Born in Vernon, Texas, he was raised in the tiny oil town of Wink, Texas, with music a part of his family life. Two misconceptions stubbornly continue to surface about Roy, one, that "he was an albino", and two, that he wore his trademark dark glasses because "he was blind" or nearly so. Neither are correct, although his myopia required thick corrective lenses.
A number of other artists have recorded songs written by Orbison, including the Everly Brothers, Don Gibson, Linda Ronstadt, Don McLean, Mireille Mathieu, Chris Isaak, Dwight Yoakam, and Van Halen. Singer Sonny James would have a number 1 hit on the country music charts with a cover of Orbison's "Only The Lonely".
Roy Orbison first toured Australia with the Rolling Stones in 1963 and would build a devout following there. A few songs that had only reasonable success in North America, such as "Penny Arcade" and "Working for the Man" would go to #1 on the Australian charts. Similarly, he was enormously popular in England, logging three No.1 hit singles and was several times voted top male vocalist of the year. His popularity extended to Germany, and he recorded his hit song "Mama" in German. In France he was viewed as the master of the ballad of lost love in the vein of that country's most popular singer Edith Piaf and a cover version of Orbison's "Blue Bayou" sung in French by Mireille Mathieu went to the top of France's record charts. Adoring fans in the Netherlands founded his largest world-wide fan club. Much loved in Belgium, at an awards ceremony in Antwerp, a few days before his passing, Roy Orbison gave his only public rendition of the hit "You Got It" to the thundering applause of a huge crowd. Adopted by intensely loyal fans in Ireland, where he continued to perform despite the constant terrorist activities, his powerful rendition of the ancient Irish folk ballad "Danny Boy" on the 1972 Memphis album is considered one of the best recordings ever made of this much-recorded song.
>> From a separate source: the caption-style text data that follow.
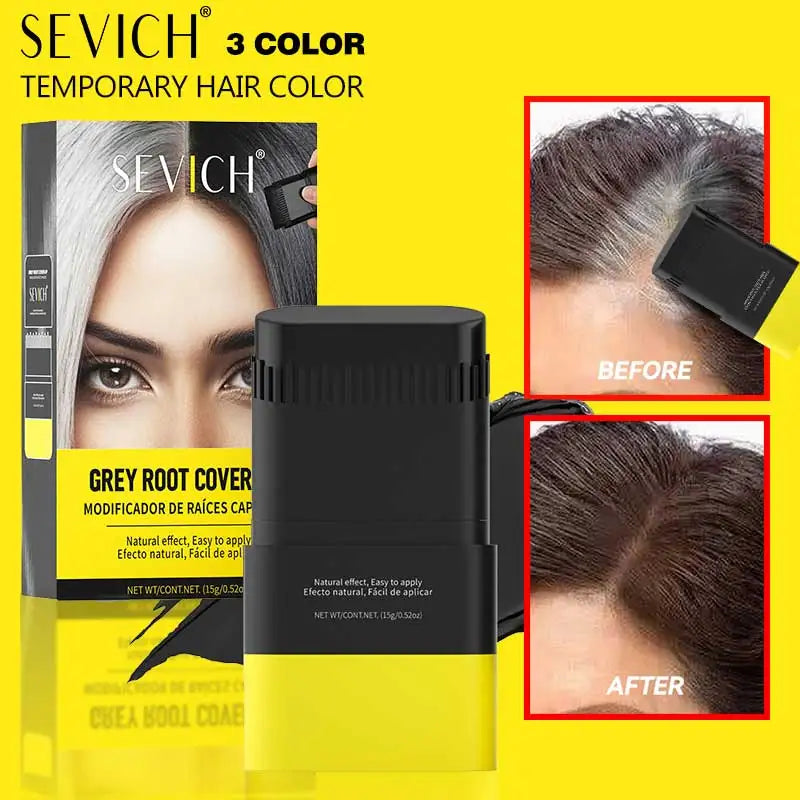 Tinta de cabelo portátil em bastão 15g, à prova d'água, corretivo para raiz e linha do cabelo, cobertura instantânea de cinza, caneta de coloração capilar descartável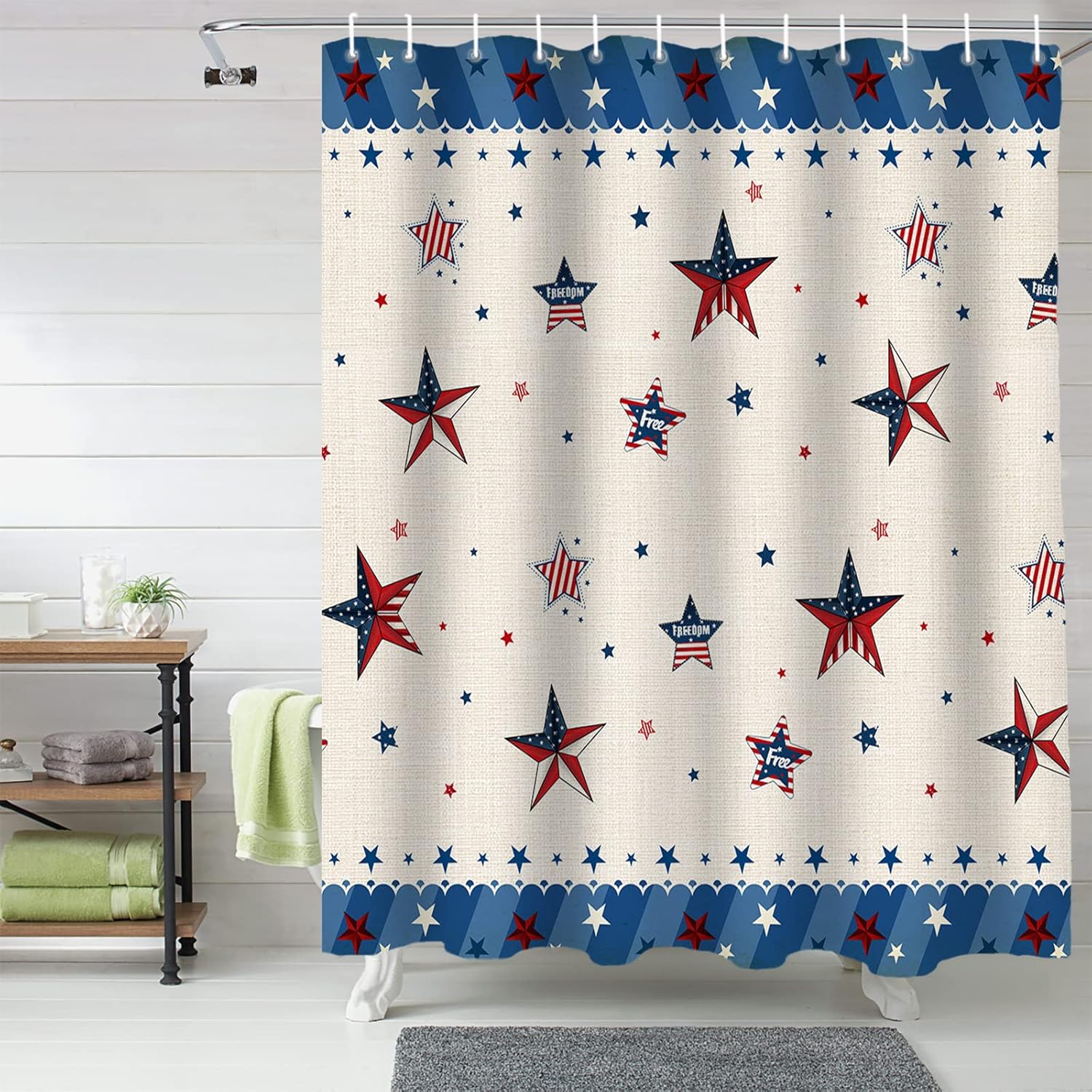4th of July Shower Curtain for Bathroom with Hooks 60x72 Inches Polyester Fabric Shower Curtain Sets Washable Bath Curtains Decor Patriotic Memorial Independence Day Blue/Star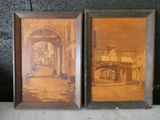 two framed pictures of a street with a building and a bridge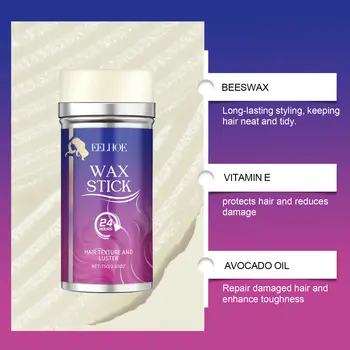 EELHOE 75g vosková tyčinka na vlasy, okamžitý styling, nemastný, bez oplachování, dlouhotrvající, fixní, silná fixace, okraje, zabraňuje poletujícím vlasům, přenosná 8 nejlepší prodej voskové tyčinky na vlasy - №6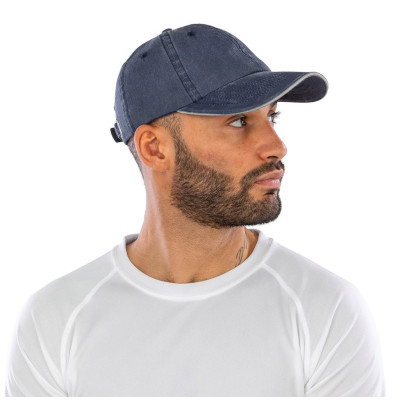 Washed Fine Line Cotton Cap with Sandwich peak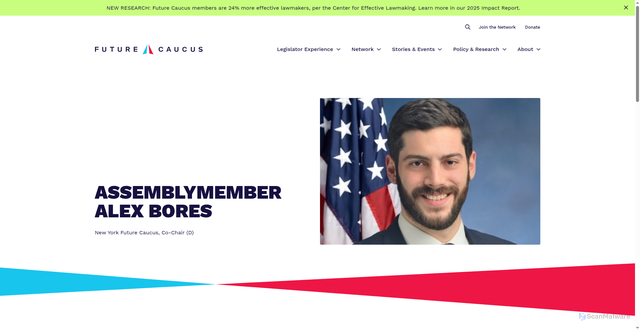 Security scan screenshot of https://futurecaucus.org/future-caucus/state-future-caucus-network/state-caucus-chairs/ny-asm-alex-bores/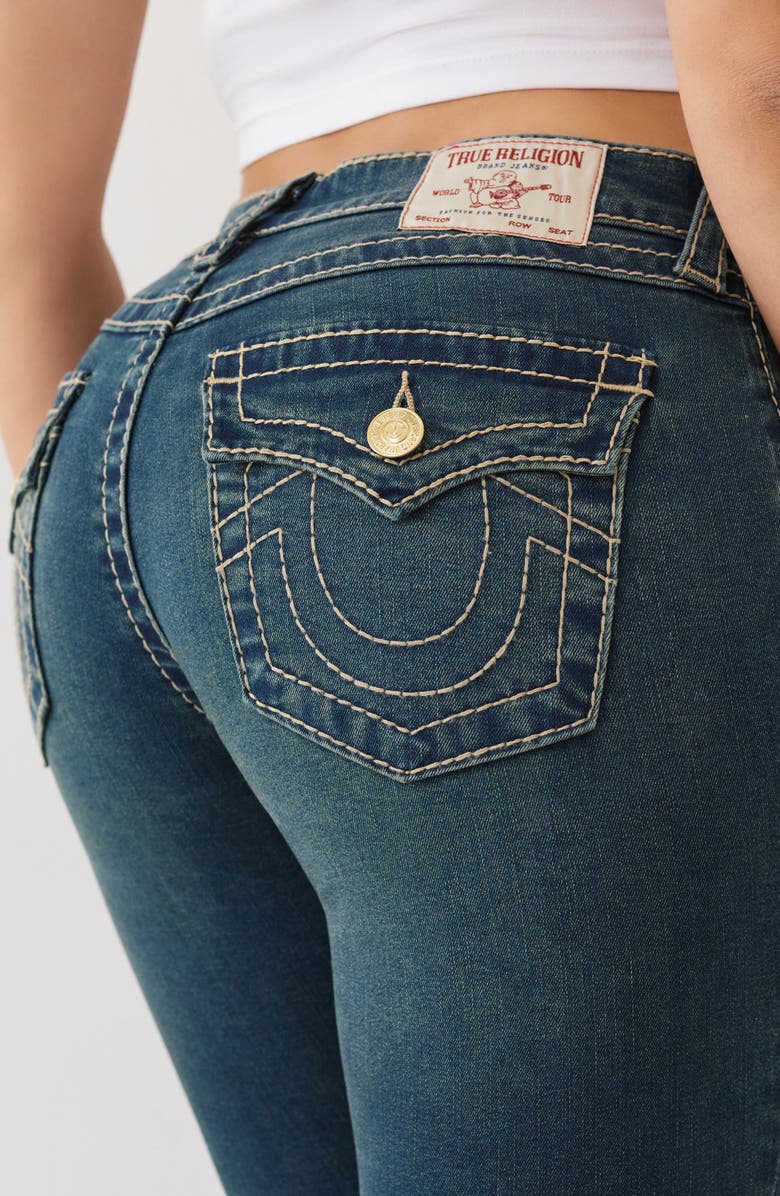 True Religion Jennie Big T Mid Rise Flap Pocket Skinny Jeans, Alternate, color, Dark Woodland Wash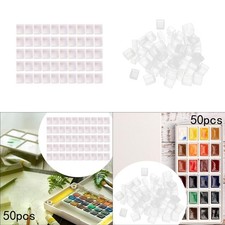 50x Empty Watercolor Paint Pans 2ml Gouache Portable Travel Beginner Lightweight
In 1980 he teamed up with Emmylou Harris to win the 1981 Grammy Award for Best Country Performance by a Duo or Group with Vocal for their song, "That Lovin' You Feelin' Again." He was inducted into the Rock and Roll Hall of Fame in 1987, the induction speech made by his devout follower Bruce Springsteen. Described as a cinematographic masterpiece, that year's black and white Cinemax television special titled Roy Orbison and Friends, A Black and White Night, brought Orbison a whole new generation of fans. Put together by musical director, T-Bone Burnett, Orbison was accompanied by a who's who supporting cast, all fans, and all volunteers who lobbied to participate. On piano, Glen Hardin, who had played piano for Buddy Holly as well as for years for Elvis Presley, plus male background vocals with some on guitar, were: Bruce Springsteen, Tom Waits, Elvis Costello, Jackson Browne, J.D. Souther, Steven Soles, with k.d. lang, Jennifer Warnes, and Bonnie Raitt singing the female background vocals.
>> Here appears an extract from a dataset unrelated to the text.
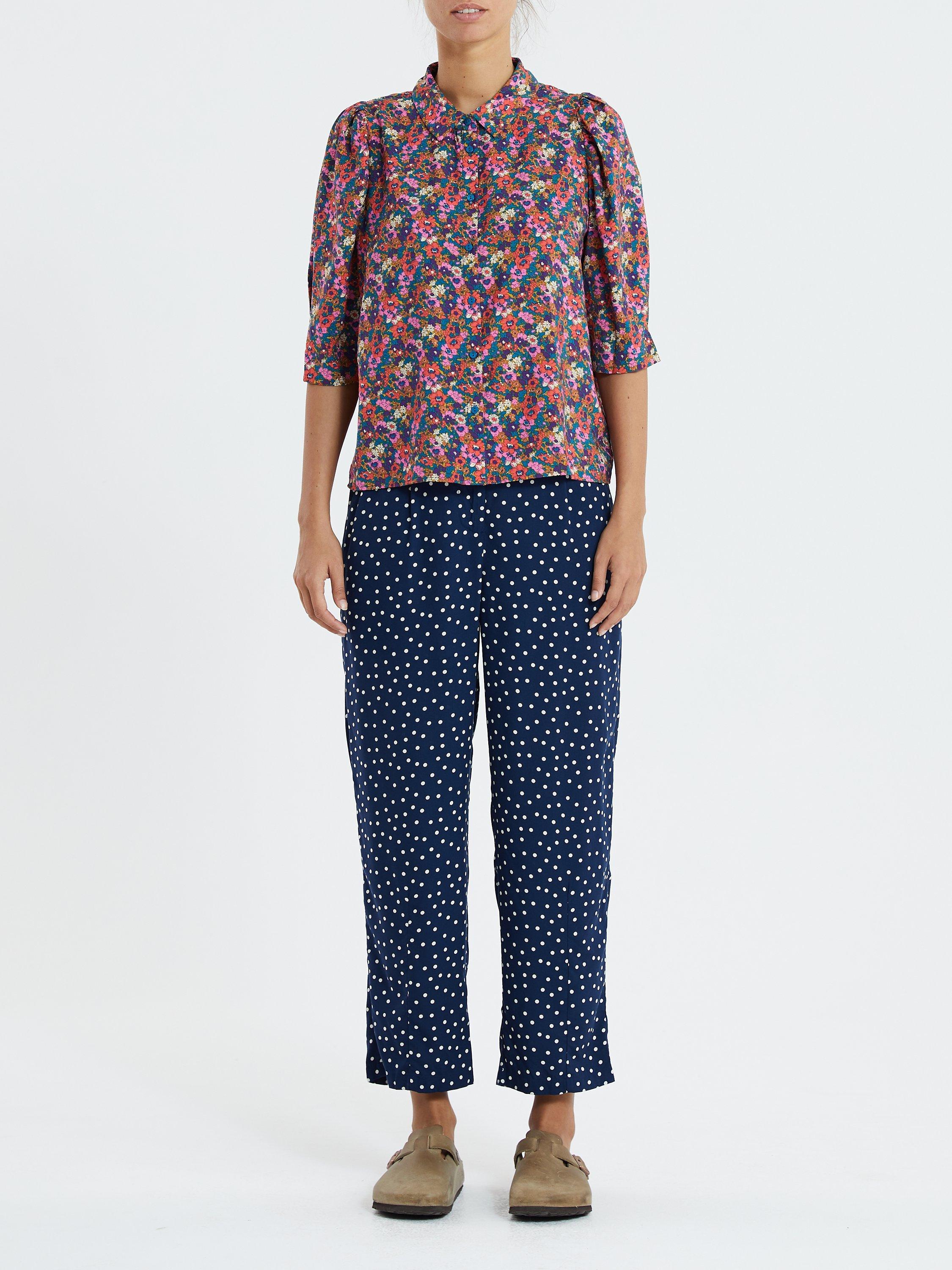 Lollys Laundry Maisie Dot Print Cropped Pleat Trousers, Navy/White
Roy Orbison's life was filled with personal tragedies. His first wife, Claudette (Frady), died in a 1966 motorcycle accident. (The Everly Brothers hit "Claudette" had been written about her, by Roy.) Two years later, the family home at Old Hickory Lake in Hendersonville, Tennessee burned to the ground while Roy was touring in England, and two of his three young sons, Anthony and Roy Jr., died in the fire. The youngest boy, Wesley, at the time only three, was saved by Roy's parents. These events affected him profoundly but after a few years he would continue to play to loyal audiences all across the globe. Tragedy would strike again, when, in 1973, Orbison's elder brother Grady Lee Orbison, died in a motor vehicle accident in Henderson, Tennessee when on his way to visit Roy for Thanksgiving.
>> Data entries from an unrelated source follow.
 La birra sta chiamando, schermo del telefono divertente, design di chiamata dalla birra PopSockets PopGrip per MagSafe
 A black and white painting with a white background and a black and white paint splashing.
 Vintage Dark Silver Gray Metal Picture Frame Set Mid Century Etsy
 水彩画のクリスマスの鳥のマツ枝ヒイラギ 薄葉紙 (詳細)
Several years after having had bypass surgury, Orbison suffered a massive heart attack at age 52 and died while visiting at his mother's home in Hendersonville a suburb of Nashville, Tennessee on December 6, 1988 before his last album Mystery Girl could be released. Both the album and the single from it, "You Got It", were hits, and are generally regarded as Orbison's best work since his success of the 1950s and 1960s. He was the posthumous winner of the 1991 Grammy Award for Best Male Pop Vocal Performance and in 1992, the popular "I Drove All Night" and "Heartbreak Radio" appeared on the posthumous album, King Of Hearts, produced by Jeff Lynne. At the direction of his second wife, Roy Orbison was interred December 15th, 1988 in the Westwood Village Memorial Park Cemetery in Westwood, California even though his two sons and their mother, Claudette, who predeceased him, had been laid to rest at his request in the Woodlawn Memorial Park Cemetery in Nashville, Tennessee.
* Roy Orbison is only one of two singers to ever simultaneously have two Top 5 albums on the Billboard Charts (the other is Elvis Presley).